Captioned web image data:
= = = = = = =

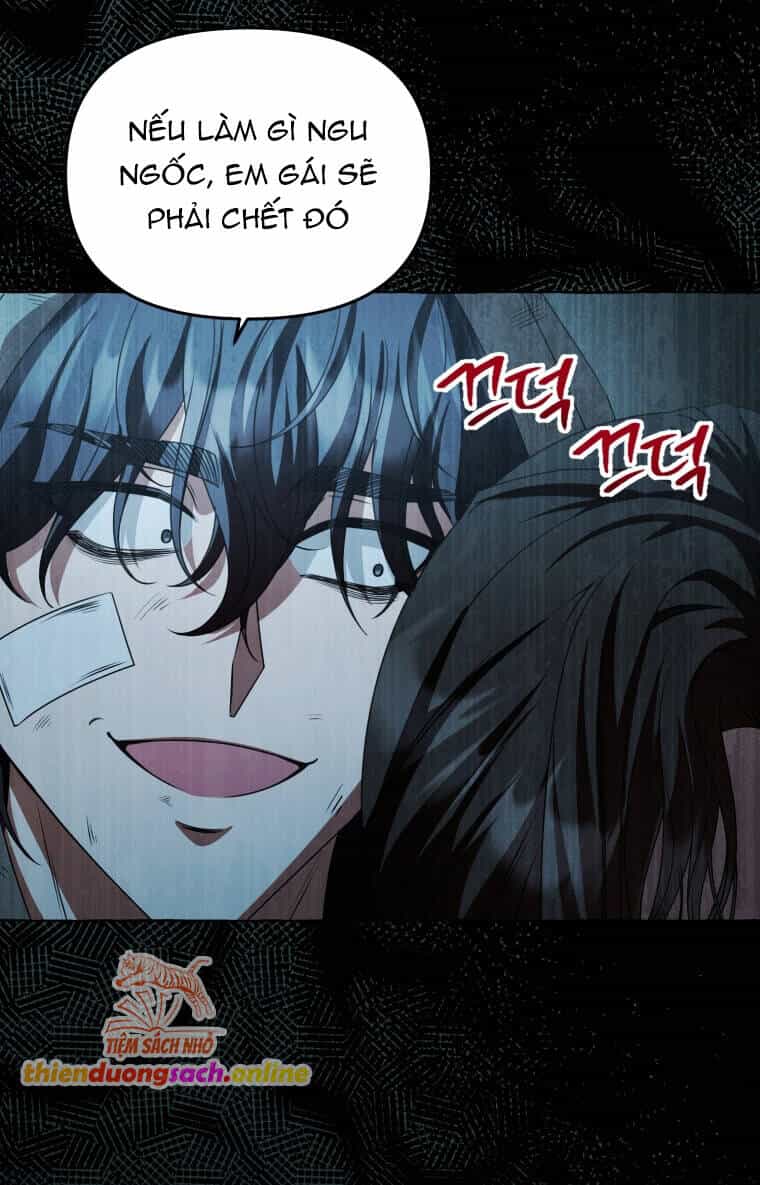 Khi Điện Thoại Đổ Chuông - Chương 4 - ảnh 47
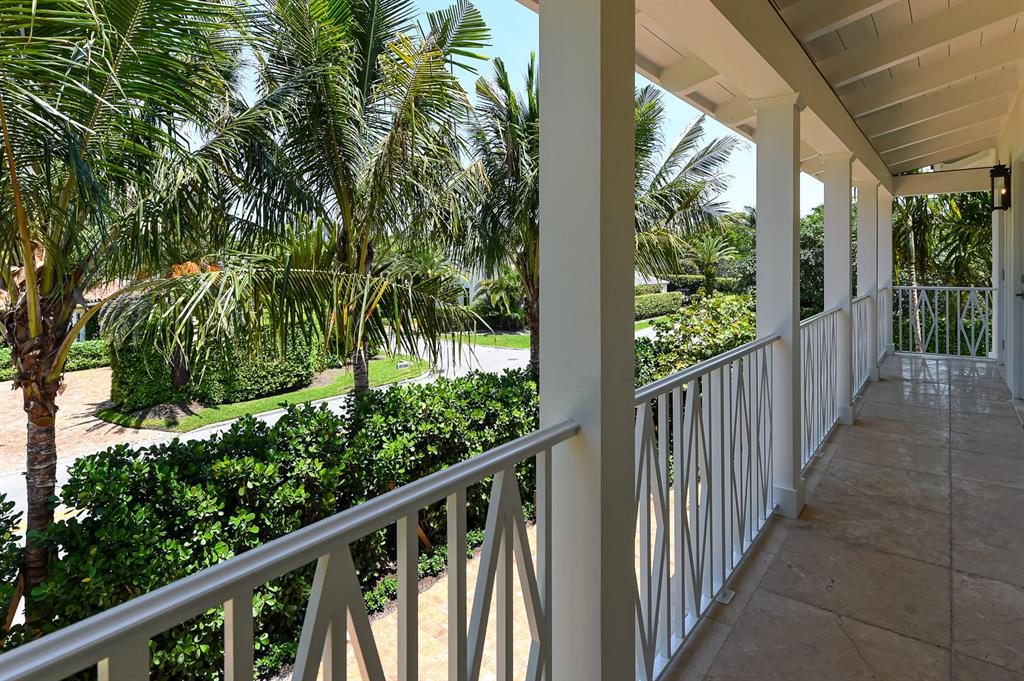 BOCA RATONE COLET - Residential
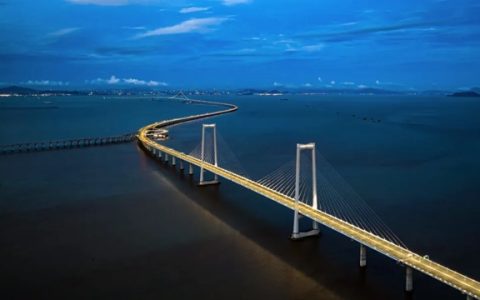 佛山照明营收净利双增长！2024年上半年实现营业收入47.85亿元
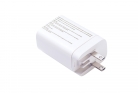 SYS1102-TYPE C 65 W2F 1A+2C apple white GaN (2).jpg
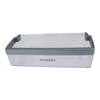 Neff Fridge & Freezer Tray - Image 5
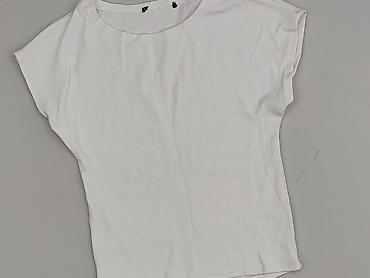 bluza marvel cropp: Bluzka damska, rozmiar S — 1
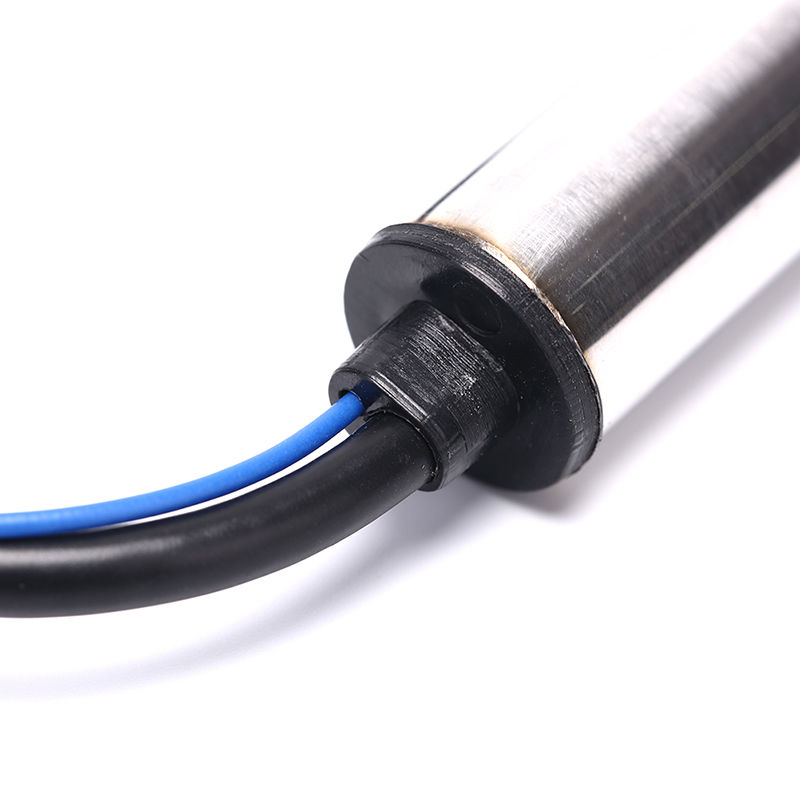 Thumbnail: Car Antenna Plug Radio FM Inline Aerial Signal Amplifier Booster Extension Cable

= = = = = = =

Every record above must be given again exactly; drop the pictures.

 Khi Điện Thoại Đổ Chuông - Chương 4 - ảnh 47
 BOCA RATONE COLET - Residential
 佛山照明营收净利双增长！2024年上半年实现营业收入47.85亿元
 SYS1102-TYPE C 65 W2F 1A+2C apple white GaN (2).jpg
 Neff Fridge & Freezer Tray - Image 5
 bluza marvel cropp: Bluzka damska, rozmiar S — 1
 Thumbnail: Car Antenna Plug Radio FM Inline Aerial Signal Amplifier Booster Extension Cable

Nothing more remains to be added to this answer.